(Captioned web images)
--------------------------------------------------
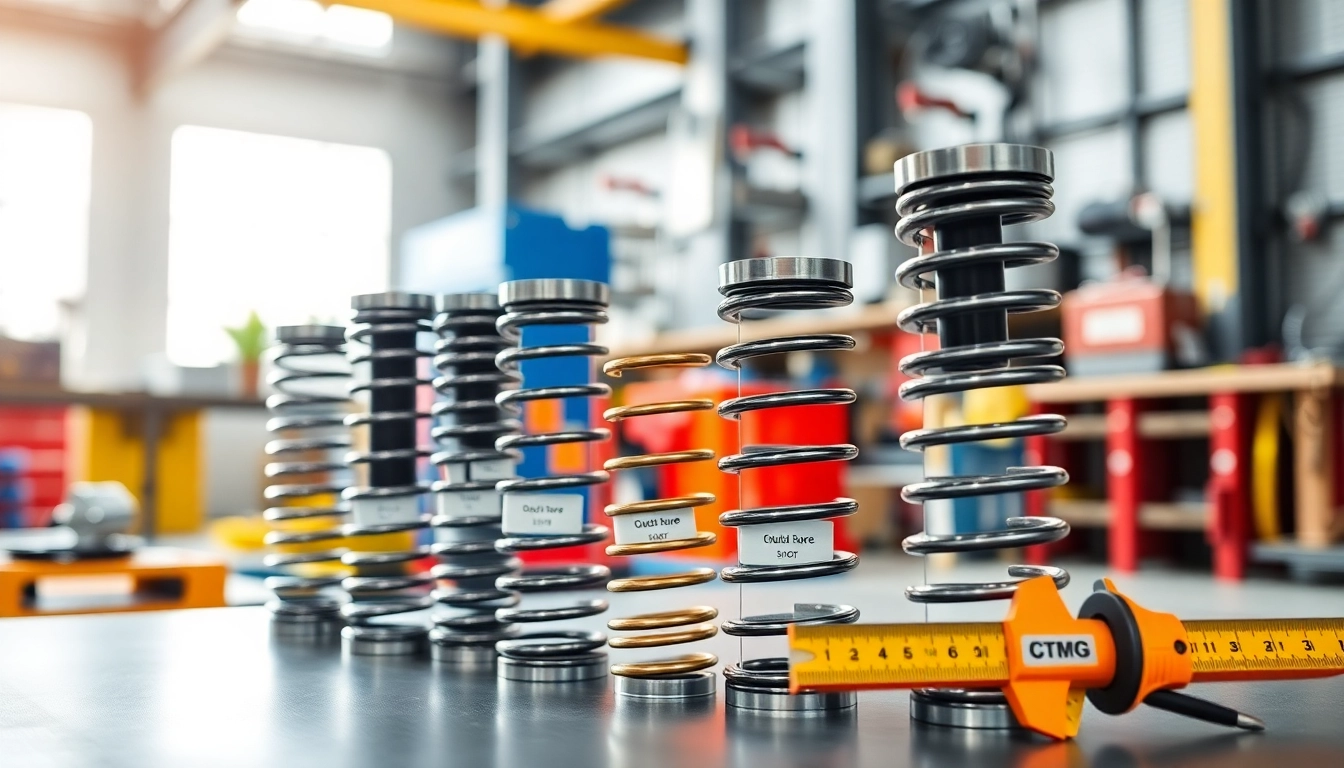 Gas Spring Supplier showcasing various gas springs in a workshop design for enhanced clarity.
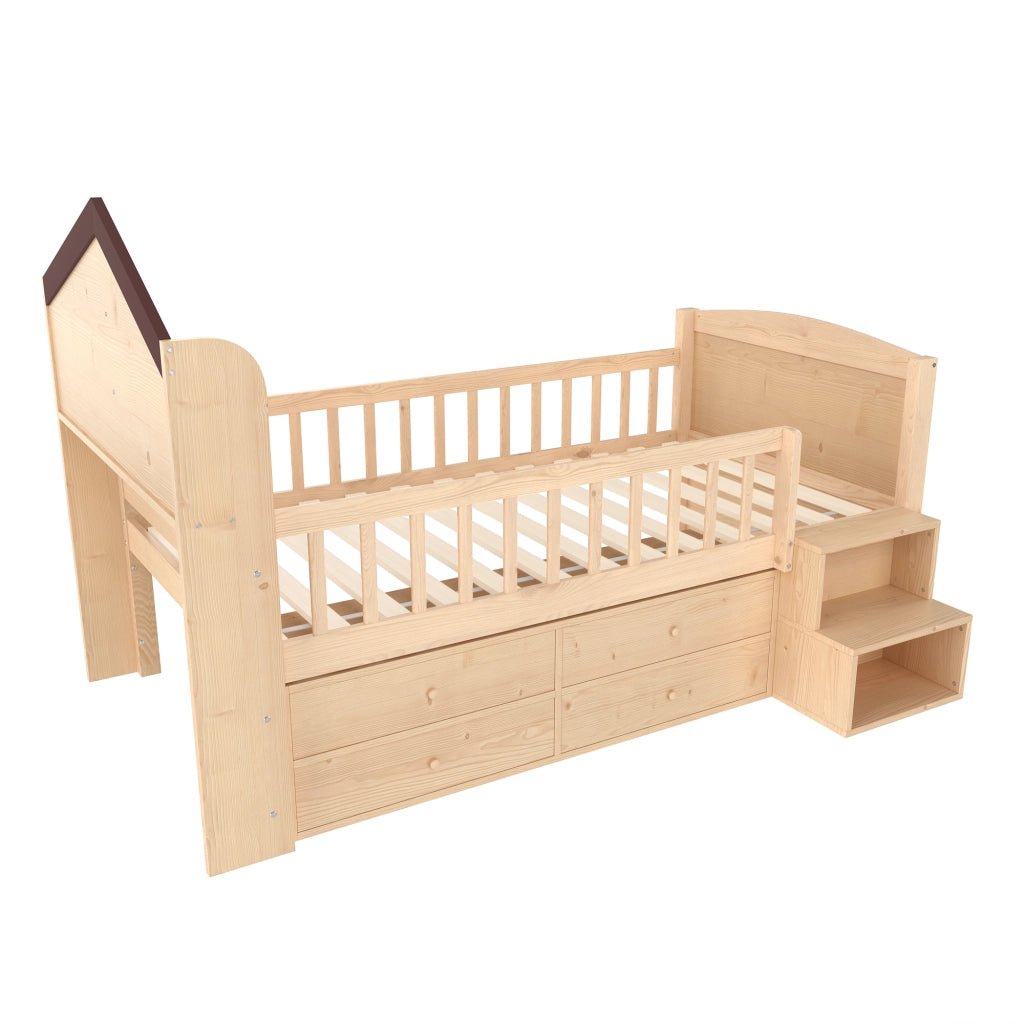 Letto a soppalco basso 90x200 cm in legno di pino, forma casa con LED, 4 cassetti e scala, Naturale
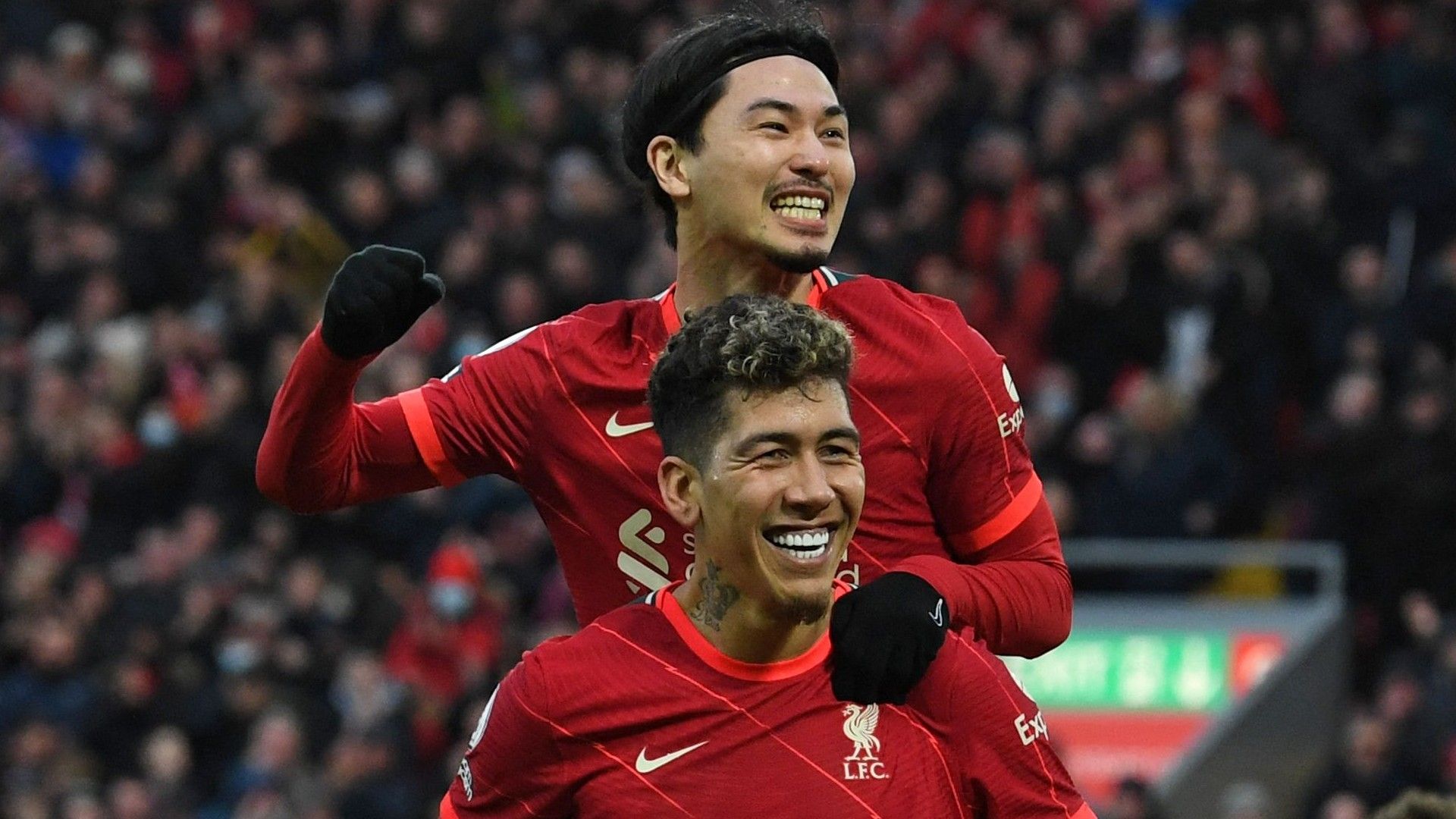 Takumi Minamino Roberto Firmino Liverpool 2021-22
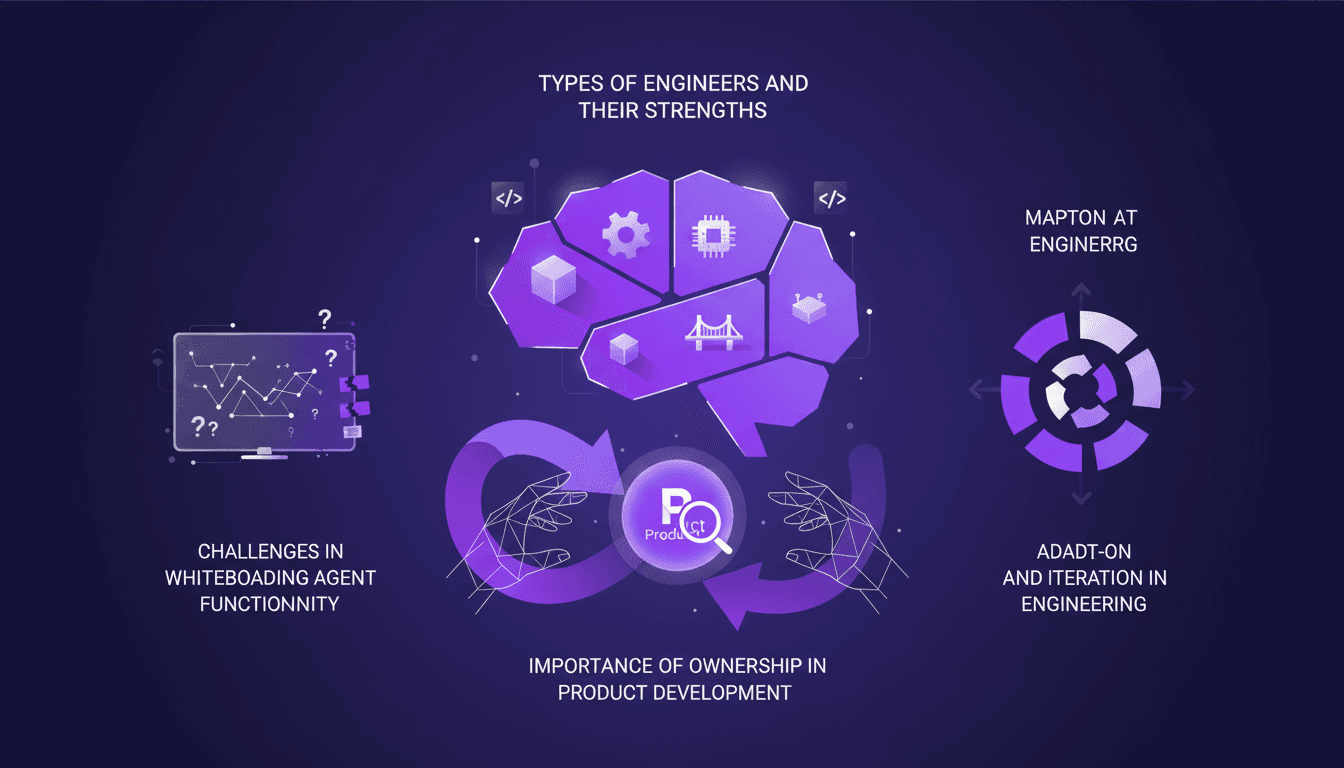Modern illustration of engineer types and strengths, highlighting product engineers' importance and hands-on involvement in development.
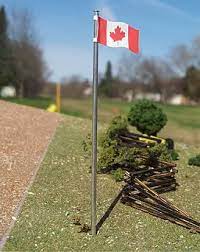 OMK-1093  -  Canadian Flag And Pole 3Pk - HO Scale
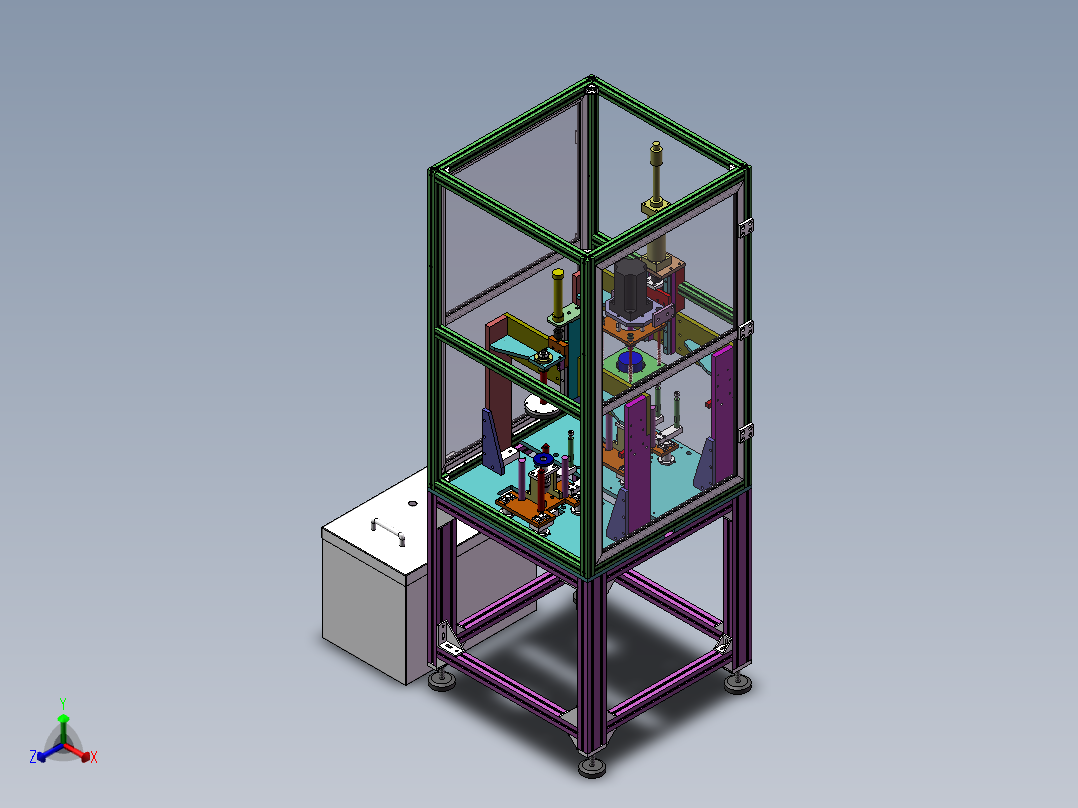除尘机总装图（总图）正等轴测图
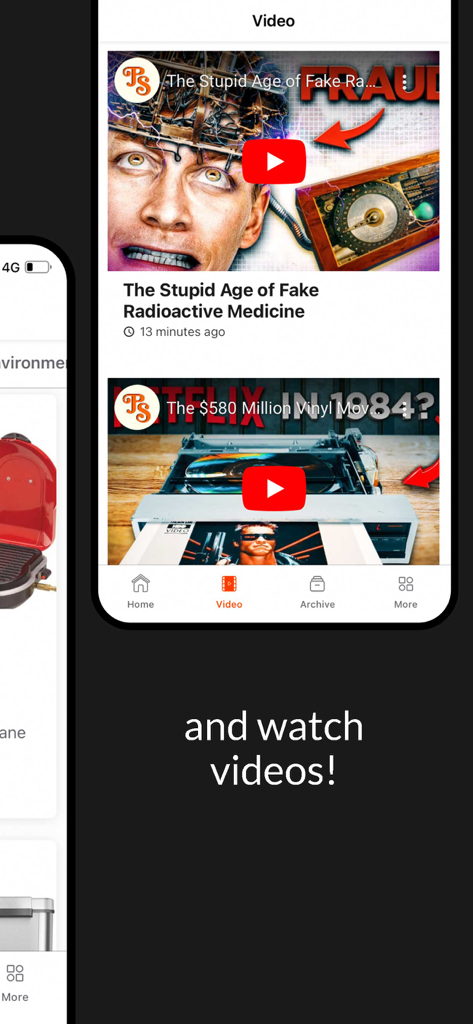 Popular Science 모바일 앱 인터페이스가 과학 및 기술 비디오 피드를 보여줍니다.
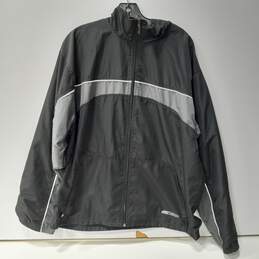 Reebok Full Zip Gray & Black Windbreaker Style Jacket Size Large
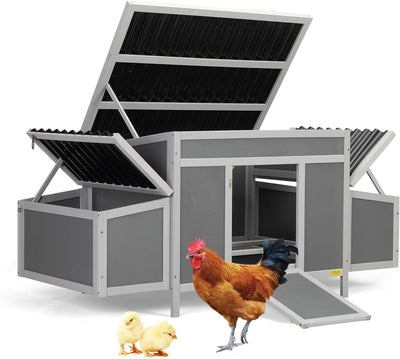 COZIWOW Durable Assembled Wooden 59" L Outdoor Large Chicken Coop with Two Nesting Boxes, Comfortable Hen House, Indoor Weatherproof Rabbit Hutch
--------------------------------------------------
Every record above should be written out again exactly; the pictures stay out of the copy.

 Gas Spring Supplier showcasing various gas springs in a workshop design for enhanced clarity.
 Letto a soppalco basso 90x200 cm in legno di pino, forma casa con LED, 4 cassetti e scala, Naturale
 Takumi Minamino Roberto Firmino Liverpool 2021-22
Modern illustration of engineer types and strengths, highlighting product engineers' importance and hands-on involvement in development.
 OMK-1093  -  Canadian Flag And Pole 3Pk - HO Scale
除尘机总装图（总图）正等轴测图
 Popular Science 모바일 앱 인터페이스가 과학 및 기술 비디오 피드를 보여줍니다.
 Reebok Full Zip Gray & Black Windbreaker Style Jacket Size Large
 COZIWOW Durable Assembled Wooden 59" L Outdoor Large Chicken Coop with Two Nesting Boxes, Comfortable Hen House, Indoor Weatherproof Rabbit Hutch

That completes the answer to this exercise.